The downside in the current FCE arena is the growth of FCE referral brokers and the emergence of superficial FCE training programs.
My observation of referral brokers is that they tend to reinforce the status of FCE as a commodity. A broker's expertise is the ability to market and sell. This takes advantage of the new evaluator who has not established a practice based on answering referral questions. Coupled with the broker's lack of quality differentiation, the result is a fast moving "mill" of evaluations churned out with little focus on validity, practicality and utility (see the Practice Hierarchy for definitions).
Safety is the foundation of the Practice Hierarchy espoused by
the APTA, APA and NIOSH and is the central focus of Matheson FCEs.
The second part of the downside formula is the annual emergence of superficial FCE training and "certification" programs. Every year we have people come through the five-day Matheson Functional Capacity Evaluation Certification Program with the intention of rolling out a copy of our training.
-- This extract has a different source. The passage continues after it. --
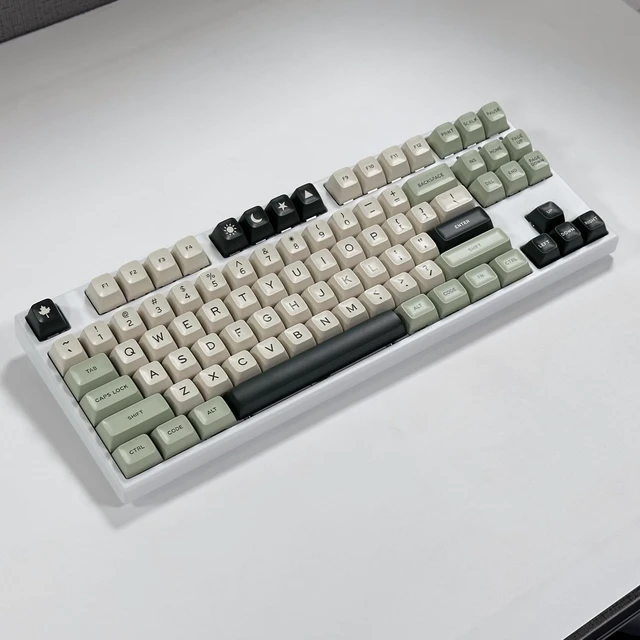 Alt view image 4 of 5 - iRoboosta PBT Keycaps, SA Profile Double Shot Keycap Green 168 Keys Key caps Full Set, Custom Keycaps for Cherry MX Switches Mechanical Keyboard (Matcha Green)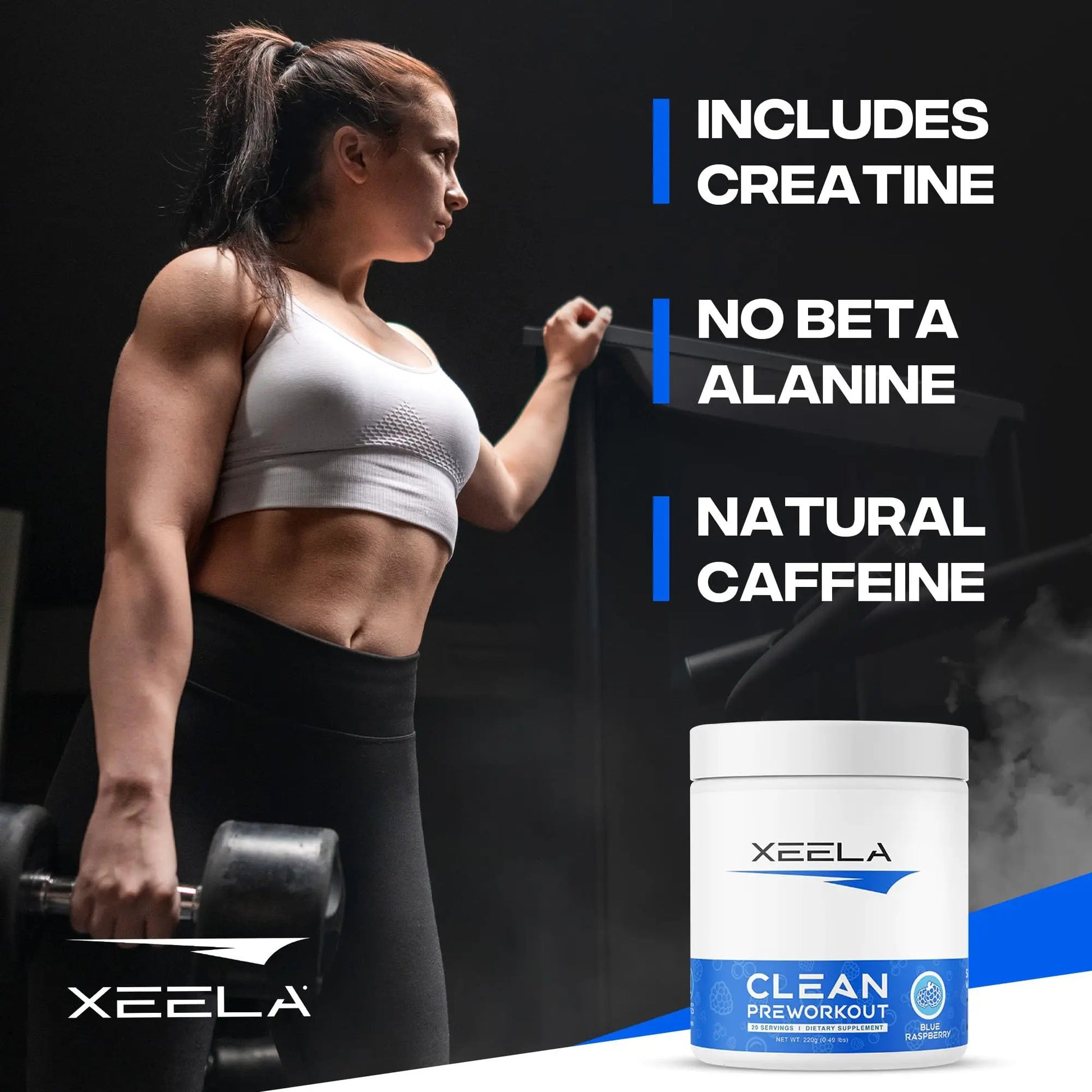 XEELA Organic Pre Workout Powder: Clean Preworkout for Men & Women, with Flavored XEELA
Every year we have people stand outside our classrooms counting the number of people attending the program. I can feel them calculating what they perceive to be a great revenue stream. I can also see them figuring out how to set up the training in low cost venues with little or no transportation costs for equipment and computers. And, just like spring coming each year, these folks offer two or three days FCE "certification" courses within a few months of having attended our courses.
The result of these superficial training courses is that it has diluted the long-term quality of service.
One can participate in this type of training and easily set up a practice taking referrals from brokers. But, just like unqualified people buying too much house from home loan brokerage mills, eventually the market collapses.
I think the FCE market is in that state now.